Britain today firmly rejected Saudi Arabia's pleas to cooperate with the Organization of Petroleum Exporting Countries to reverse the precipitous decline in world oil prices over the past three months.
The British announcement in London dealt a sharp blow to efforts by the 13-member cartel meeting here to enlist major non-OPEC producers in a scheme to force oil prices back up by coordinating cuts in output.
In a speech before Parliament unveiling the national budget, Chancellor of the Exchequer Nigel Lawson said, "There is no question whatsoever, and there never has been, of the United Kingdom cutting back oil production in an attempt to secure a higher oil price."
Lawson's declaration was perceived by OPEC delegates gathered here for an emergency meeting as a stunning rebuke of Saudi Arabia Oil Minister Sheik Zaki Yamani, who has insisted that any strategy to engineer price rises through reduced output must involve the North Sea oil producers.
After studying the depressed oil market for more than five hours today, the OPEC oil ministers adjourned their session until Wednesday morning, when representatives from five outside countries are expected to join their discussions. Egypt, Malaysia, Mexico, Angola and Oman have agreed to cooperate with OPEC in trying to reach a broad consensus on how to shore up prices by controlling output.
Arturo Hernandez Grisanti, the Venezuelan energy minister who is presiding over the OPEC conference, acknowledged after today's meeting that the group's 13 members still were seriously divided over what kind of strategy they should adopt to cope with their crisis.
"We need more time to find common ground," Hernandez said. "The problems are difficult ones, but gradually we hope we will be able to take decisions that will stabilize the markets and restore the price."
The OPEC ministers have failed in three days of talks to overcome a grave rift between Saudi Arabia and its radical opponents, who advocate drastic production cuts to administer a shock to the world oil market that might cause prices to leap above $20 a barrel.
Saudi Arabia's determination to carry out a price war in an effort to browbeat non-OPEC producers to cooperate in sharing markets has caused oil prices to plummet by half to less than $14 since December.
The less wealthy members of OPEC, led by Iran, Algeria and Libya, now argue that this policy has backfired and that many OPEC states are suffering worse economic damage from the price war than outside rivals such as Britain and Norway.

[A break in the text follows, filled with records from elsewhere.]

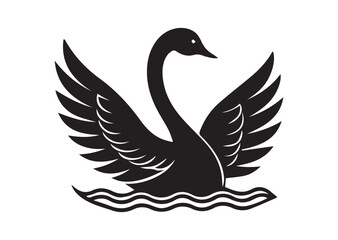 Obraz premium Swan on water with wings spread out black vector white background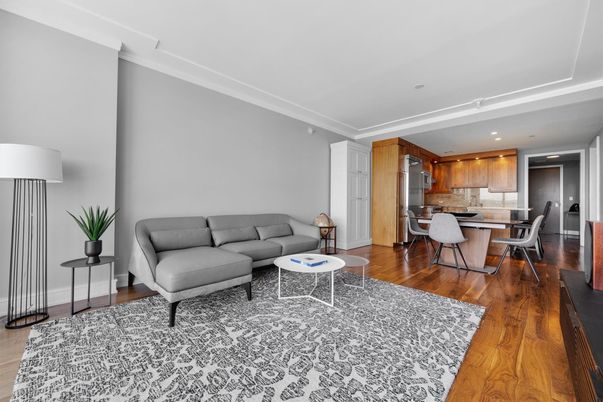 Dining room, Interior, Kitchen, Living room, Recessed Lighting, Stainless Steel Appliances, Wood Texture Flooring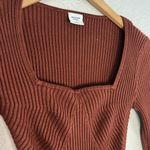 Abercrombie & Fitch A&F Ribbed Dark Brown Bodysuit Square Neck Thong Neutral Minimalist Long Sleeve Photo 3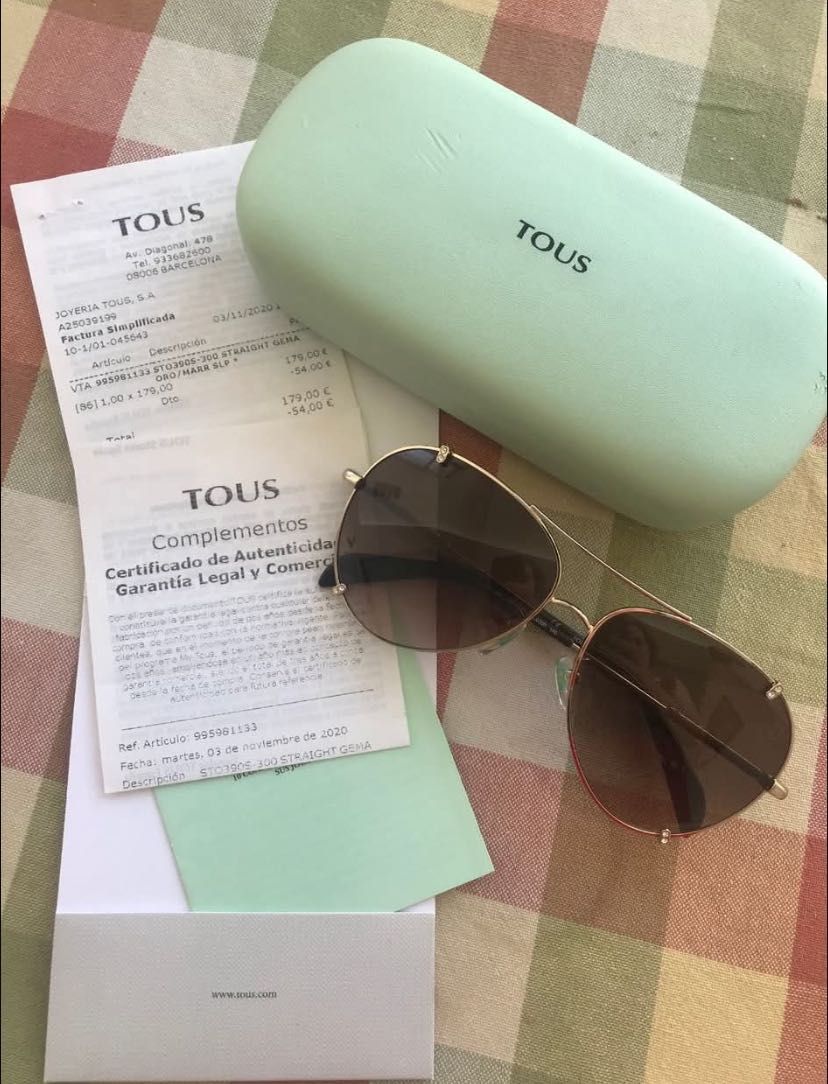 Oculos de sol marca Tous com certificado de compra original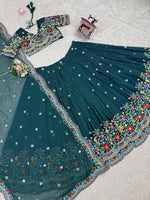 Green Color Designer Embroidered Lehenga Choli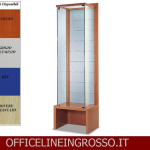 VETRINA IN CRISTALLO TEMPERATO(H.218) SCHIENALE DOGATO IN VETRO SATINATO E PANCA dim.(64X46X h218)SERIE GLASS  MADE IN ITALY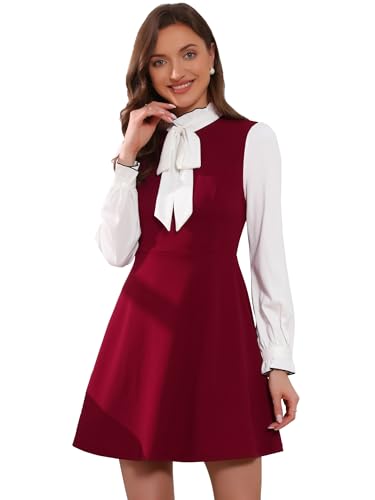 Image of Allegra K Tie Neck Dresses for Women's 1960s Vintage Long Sleeve Contrast Color Dress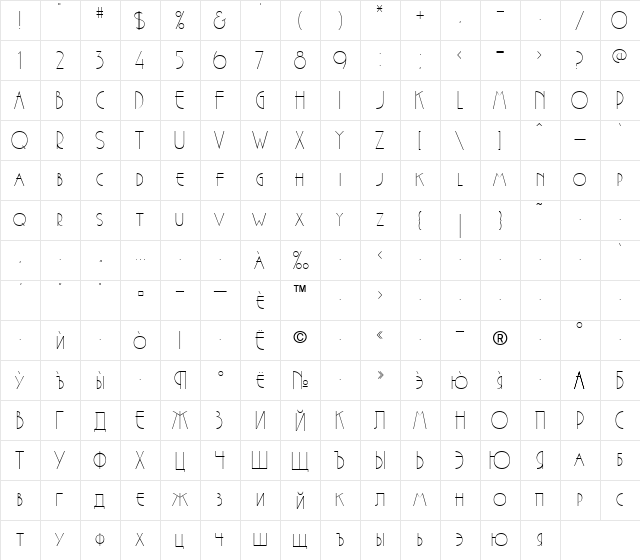CabelCyr Regular  glyph index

The radical OPEC members contend that immediate cuts in output would quickly dry up the persistent world oil surplus and elevate prices along with their incomes.
Yamani contends these production cutbacks would prove self-defeating because major outside producers like Britain, Norway and the Soviet Union -- who have refused to go along with OPEC's policies -- would continue pumping at maximum capacity and steal more customers.
The North Sea crude sold by Britain and Norway, which together produce about 3.5 million barrels a day, competes directly for markets against Nigeria's light blend of oil. As a result, Nigeria has been forced repeatedly to break ranks with OPEC policies in order to keep pace with its competitors.
Nigeria's maverick actions have encouraged other OPEC members to engage in cheating tactics through hidden price discounts or the surpassing of production quotas. This lack of discipline also contributed to Saudi Arabia's decision to launch its price war last December.
The sudden plunge in revenue since that time has induced many OPEC members at this meeting to call for a return to rigid production quotas under a fixed ceiling of 16 million barrels a day or even less.
While there are signs that Saudi Arabia and its Persian Gulf allies are showing more sensitivity to the desperate plight faced by several OPEC members because of falling oil prices, the wealthy sheikdoms are still withholding endorsements of a new quota system until they are reassured that cheating will not resume.
Yamani also appears convinced, according to Saudi delegates, that by carrying the price war into the summer if necessary, he ultimately can persuade Britain and Norway to recognize that they are sacrificing too much valuable oil income through their devotion to free market principles.